What to do -
Output all the data exactly. Pictures do not belong in the copy.

Web page caption snippets:
§ §

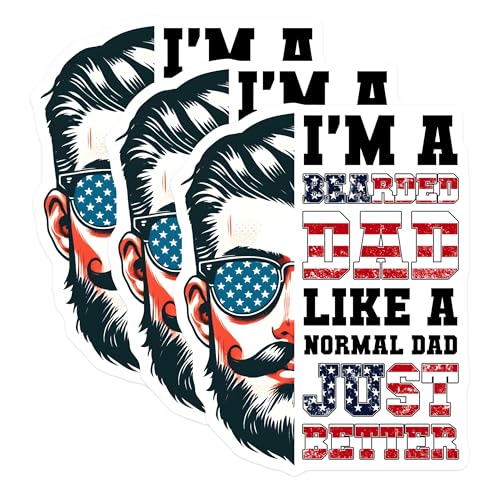 (3 Pack) Bearded Dad Decals - USA Flag Sunglasses - Better Than Normal Dad - 3 Inches On Longest Side - Easy Peel & Apply - Made in USA - 3MCS6239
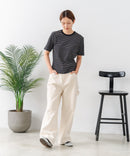 【C-FORTPOINT/フォートポイント】【細見え スタイルアップ効果】細ボーダー ジャガードリブTシャツ 着痩せ きれいめ オフィス 通勤 大人カジュアル フレンチシック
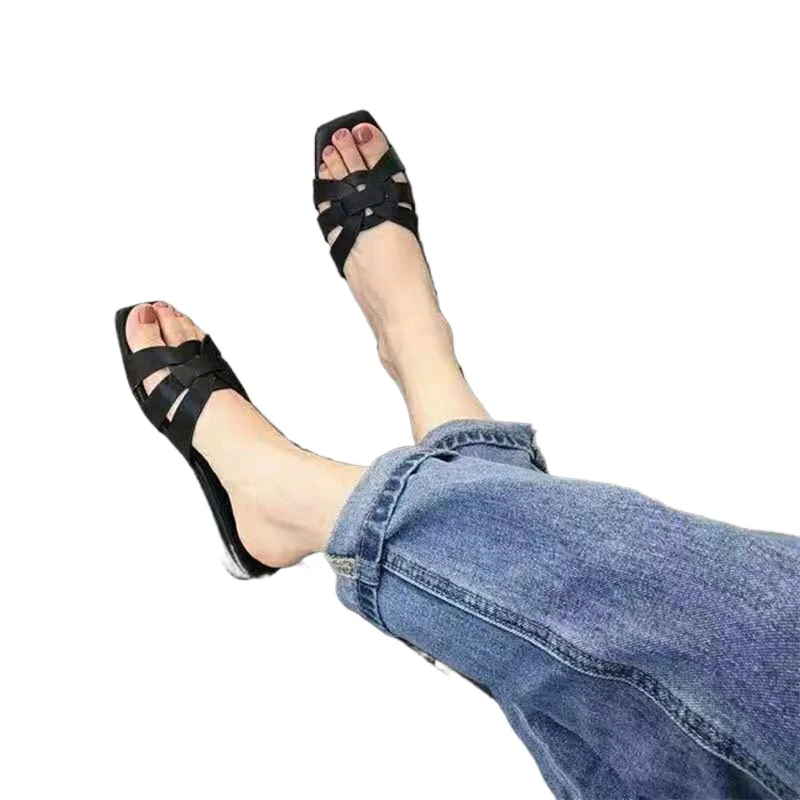 New Women Brand Slippers Summer Slides Open Toe Flat Casual Shoes Leisure Sandal Female Beach Flip Flops Big Size Women Slippers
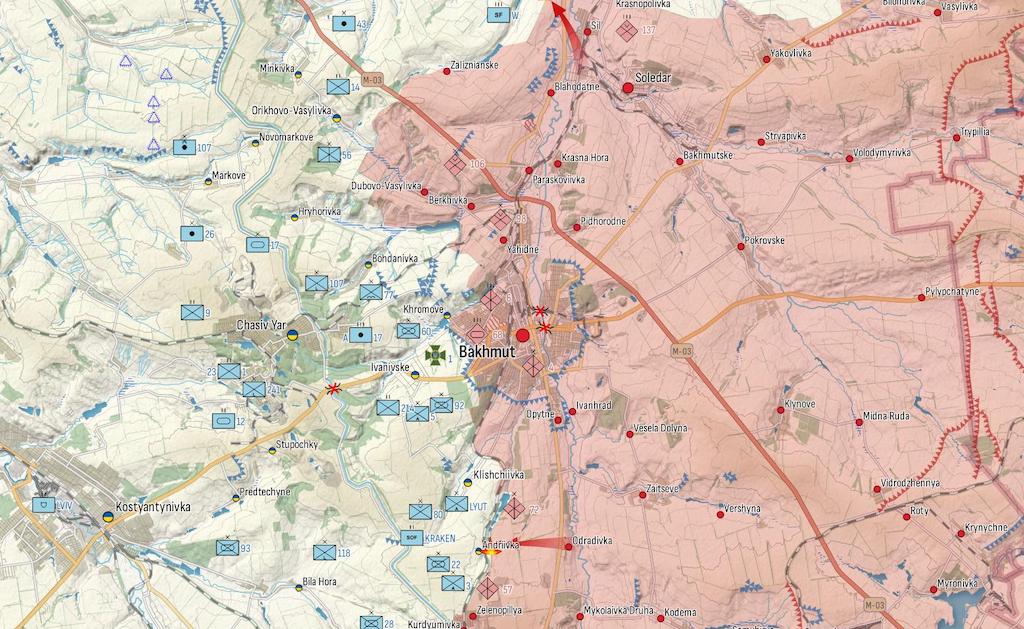 Генштаб: РФ наступає від Бахмута до Вербового, жорстокі штурми Авдіївки та Мар'їнки — мапа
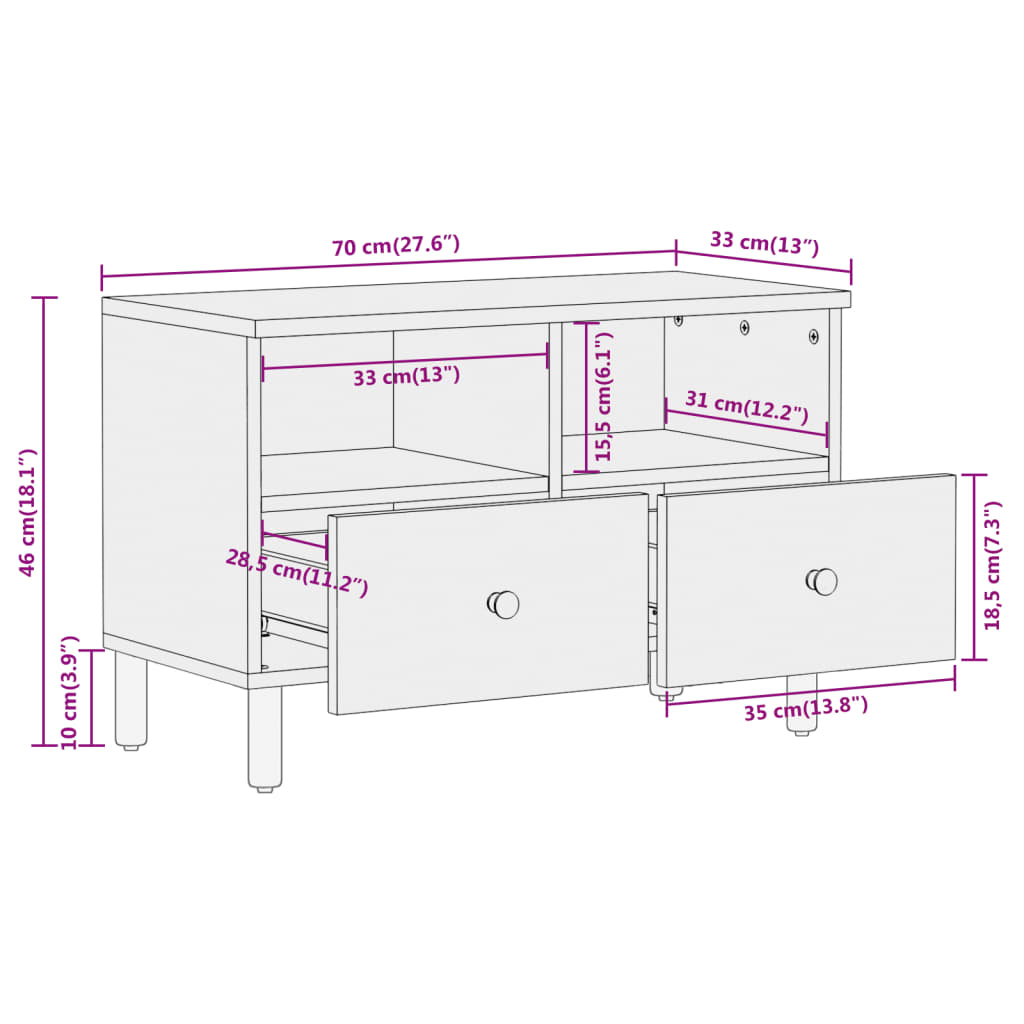 TV-Møbel Tre Tv-benk heltre mango 70x33x46 cm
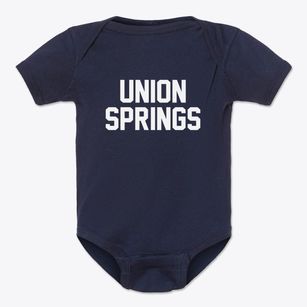 Union Springs Alabama Classic Block Baby Onesie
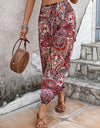 Paisley Print Smocked High-Waist Pants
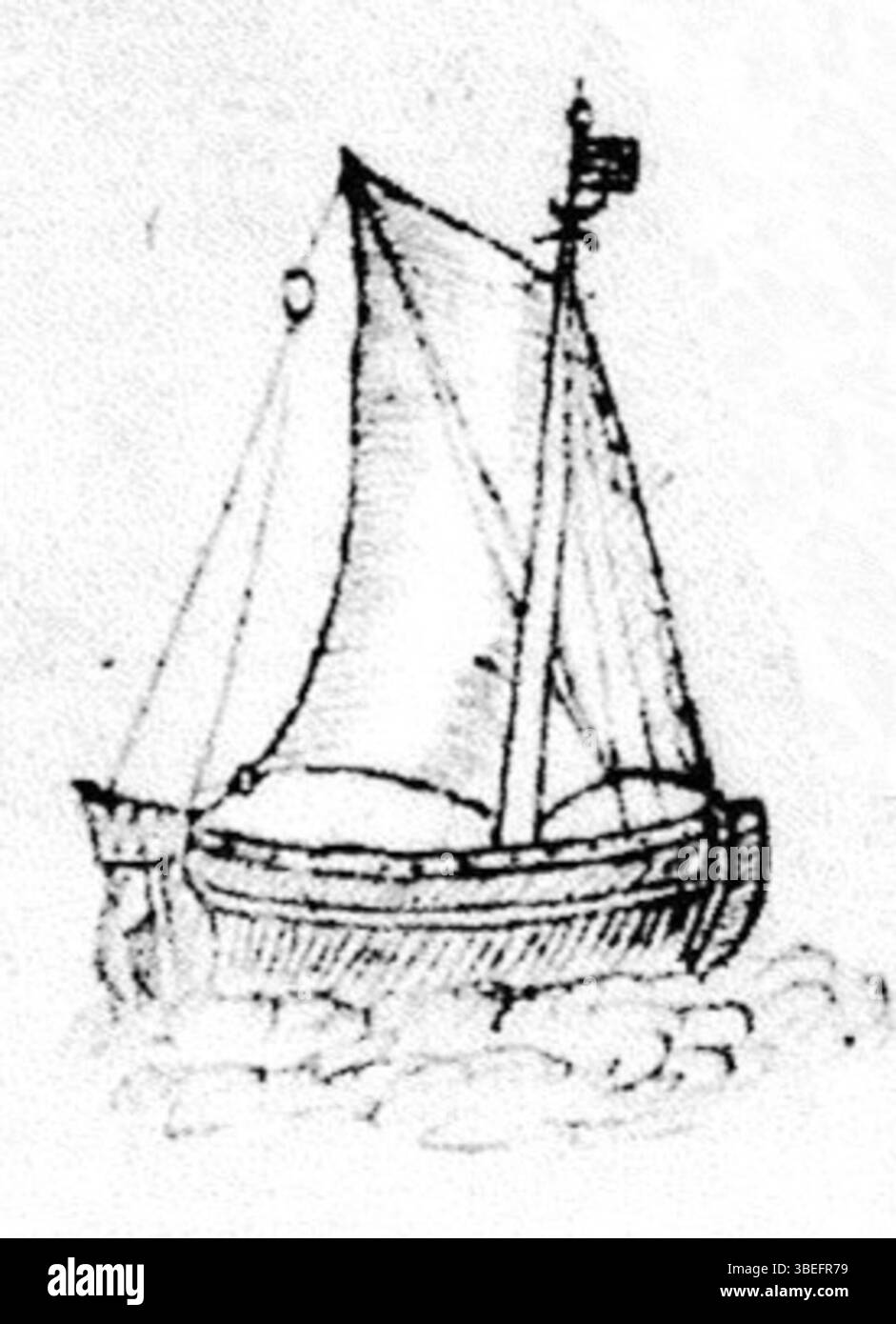 Un détail de la pinace du plan de John Hunt du fort St George (1607) montre un petit navire moderne. Ce dessin donne un aperçu de l'architecture navale historique et des premières fortifications. Banque D'Images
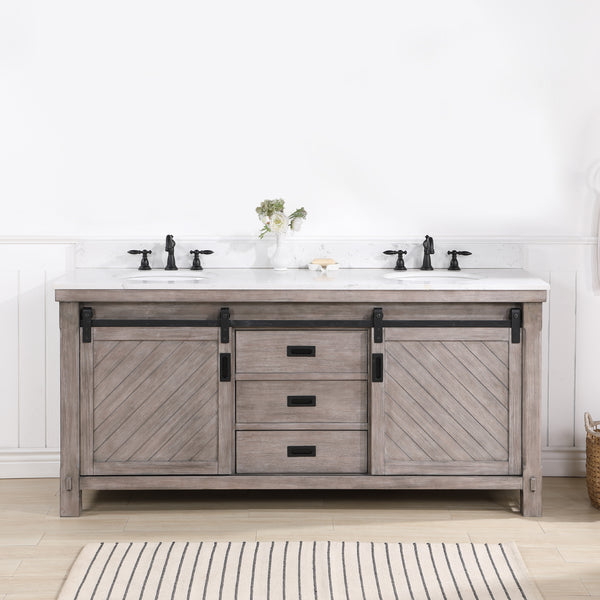 Cortes 72 Double Sink Bath Vanity in Classical Grey with White Composite Countertop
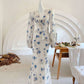 Elegant Mermaid Long Sleeve Blue Floral Chiffon Prom Dress Party Dress Outfits SH4075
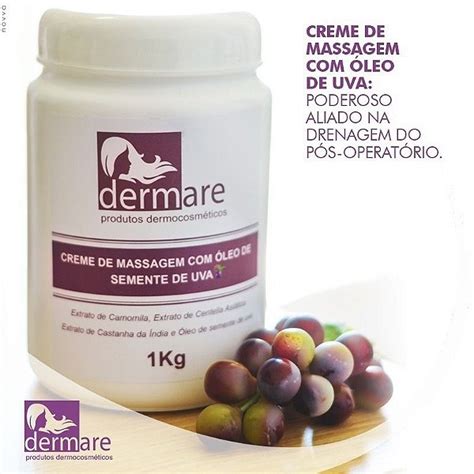 Creme de Massagem Corporal Semente de Uva Dermare 1kg Farmácia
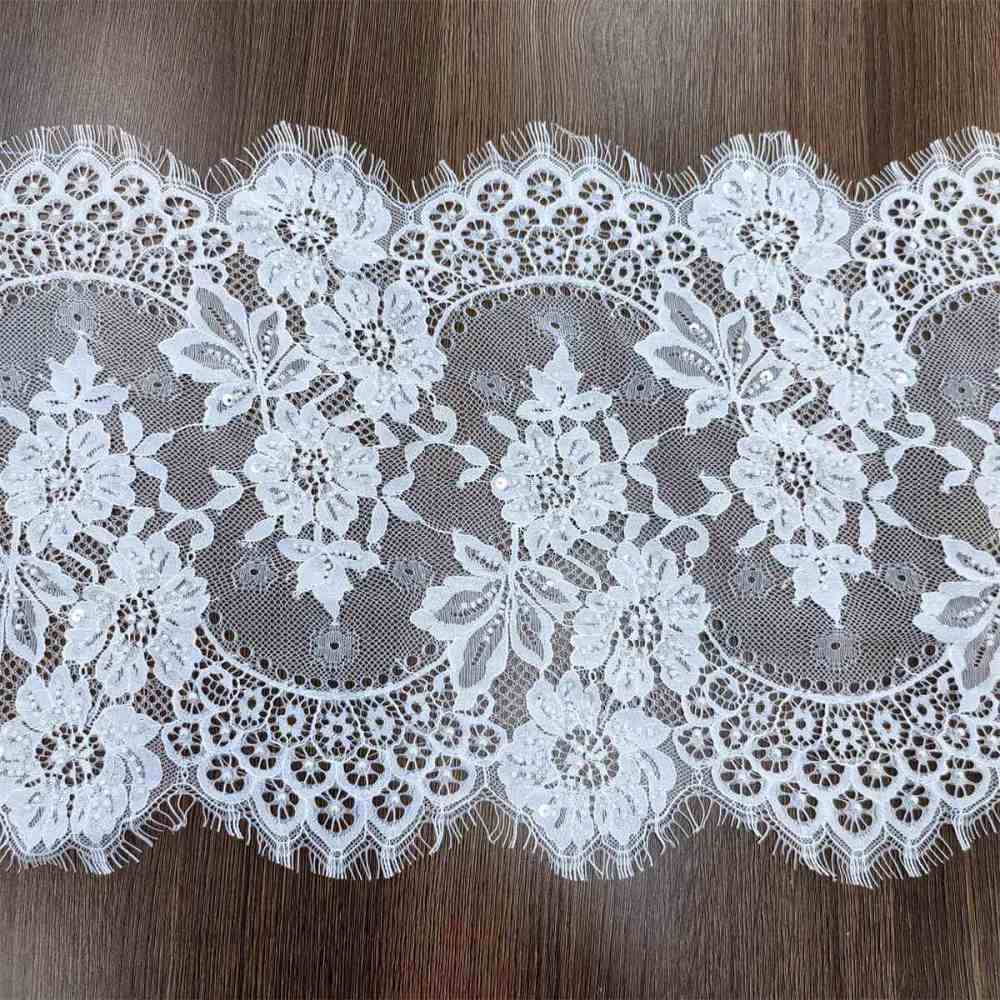 Bridal Lace Trim - 9 Meters - Beaded Chantilly Wedding Lace Trim | COD lil098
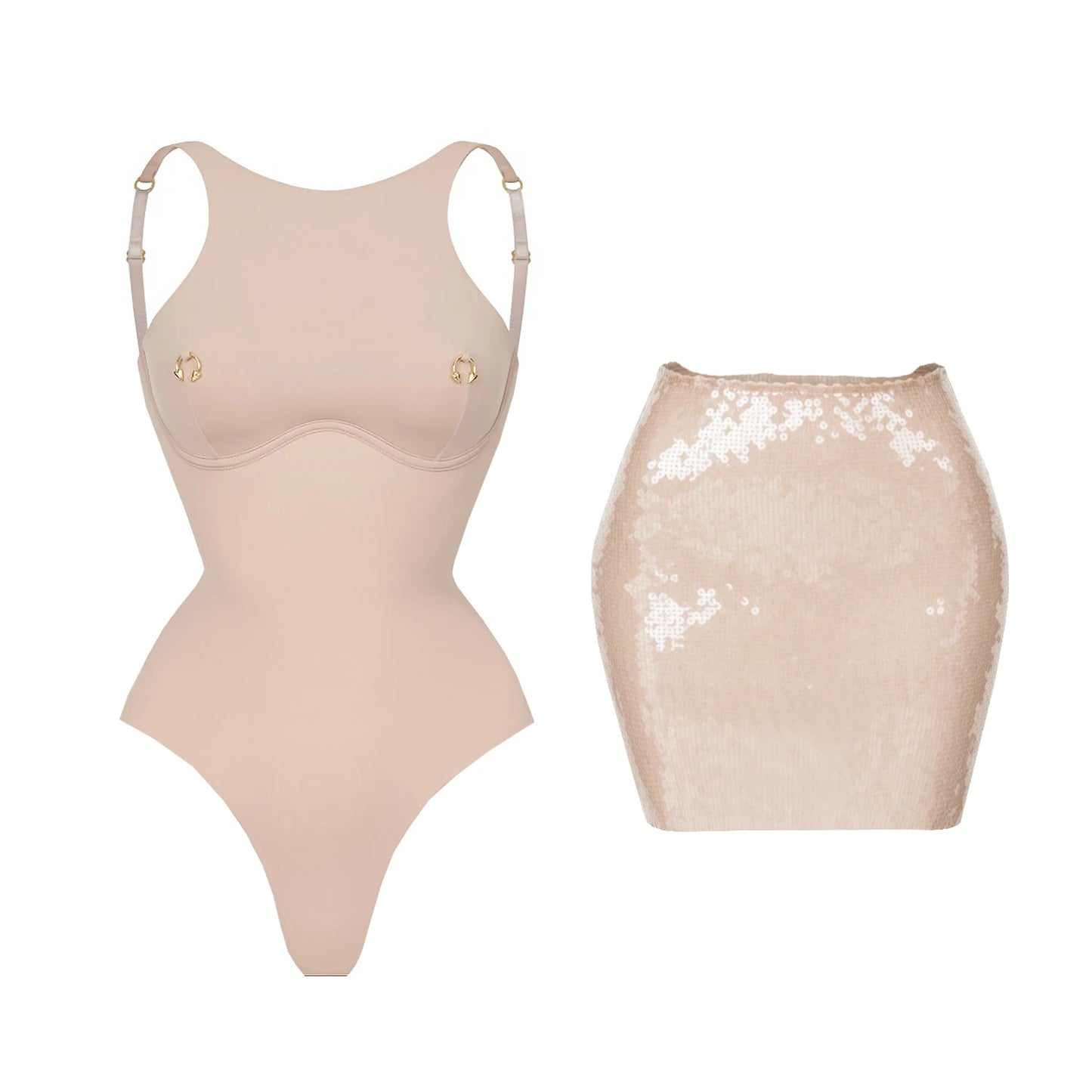 Women's 2-Piece Bodysuit & Sequin Skirt Set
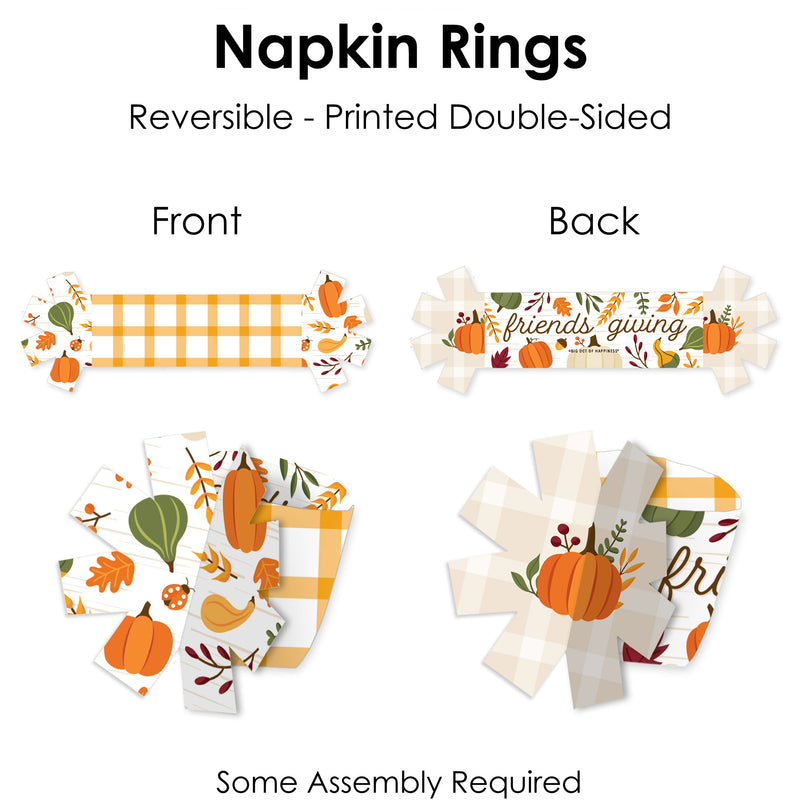 Fall Friends Thanksgiving - Friendsgiving Party Paper Napkin Holder - Napkin Rings - Set of 24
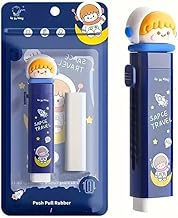 Kawaii Cute Pencil Pouch with Push Pull Eraser Set for Kids,Premium Canvas Zipper Stationery Organizer Box with Cartoon Design | School Supplies Gift Combo for Boys & Girls (Blue Earser)
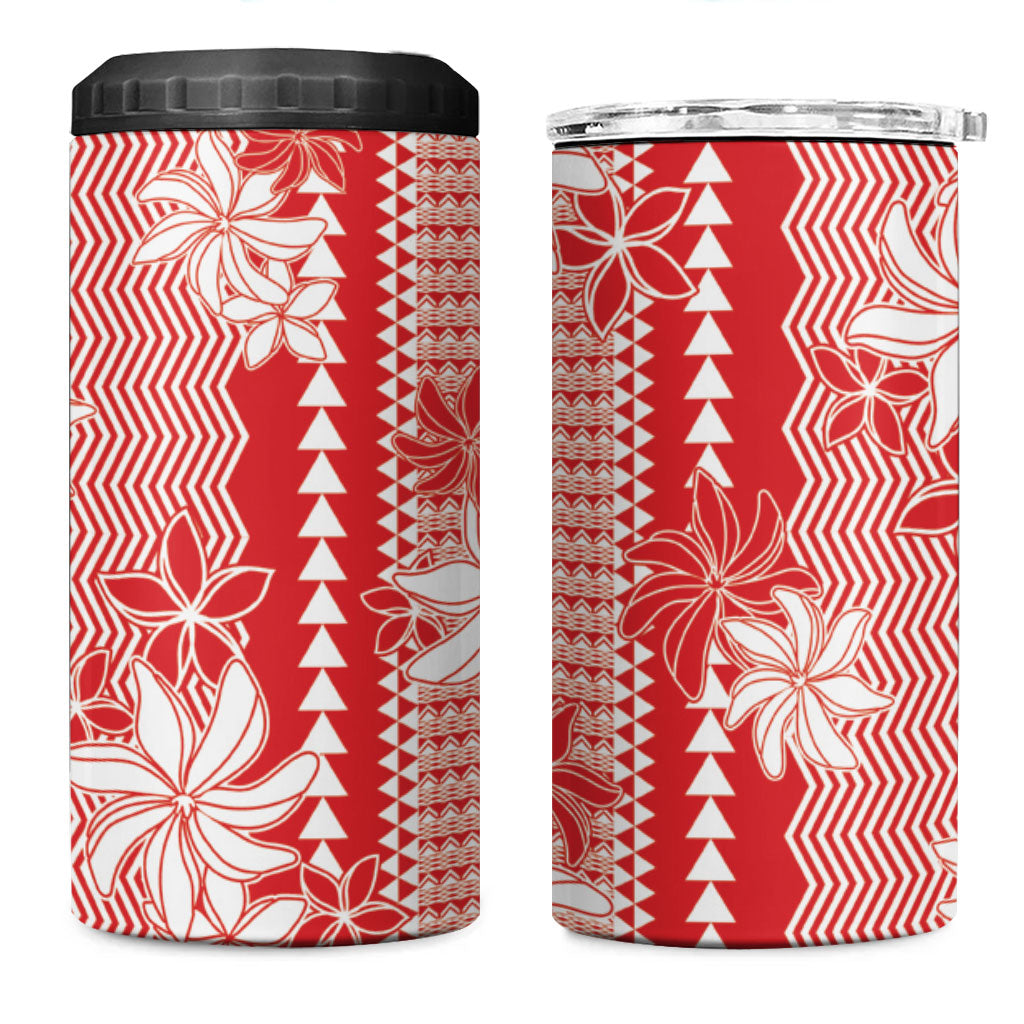 Hawaii Kakau Tribal 4 in 1 Can Cooler Tumbler With Red Tiare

§ §

Solution to the exercise -
 (3 Pack) Bearded Dad Decals - USA Flag Sunglasses - Better Than Normal Dad - 3 Inches On Longest Side - Easy Peel & Apply - Made in USA - 3MCS6239
 【C-FORTPOINT/フォートポイント】【細見え スタイルアップ効果】細ボーダー ジャガードリブTシャツ 着痩せ きれいめ オフィス 通勤 大人カジュアル フレンチシック
 New Women Brand Slippers Summer Slides Open Toe Flat Casual Shoes Leisure Sandal Female Beach Flip Flops Big Size Women Slippers
 Генштаб: РФ наступає від Бахмута до Вербового, жорстокі штурми Авдіївки та Мар'їнки — мапа
 TV-Møbel Tre Tv-benk heltre mango 70x33x46 cm
 Union Springs Alabama Classic Block Baby Onesie
 Paisley Print Smocked High-Waist Pants
 Un détail de la pinace du plan de John Hunt du fort St George (1607) montre un petit navire moderne. Ce dessin donne un aperçu de l'architecture navale historique et des premières fortifications. Banque D'Images
 Cortes 72 Double Sink Bath Vanity in Classical Grey with White Composite Countertop
 Elegant Mermaid Long Sleeve Blue Floral Chiffon Prom Dress Party Dress Outfits SH4075
 Creme de Massagem Corporal Semente de Uva Dermare 1kg Farmácia
 Bridal Lace Trim - 9 Meters - Beaded Chantilly Wedding Lace Trim | COD lil098
 Women's 2-Piece Bodysuit & Sequin Skirt Set
 Fall Friends Thanksgiving - Friendsgiving Party Paper Napkin Holder - Napkin Rings - Set of 24
 Kawaii Cute Pencil Pouch with Push Pull Eraser Set for Kids,Premium Canvas Zipper Stationery Organizer Box with Cartoon Design | School Supplies Gift Combo for Boys & Girls (Blue Earser)
 Hawaii Kakau Tribal 4 in 1 Can Cooler Tumbler With Red Tiare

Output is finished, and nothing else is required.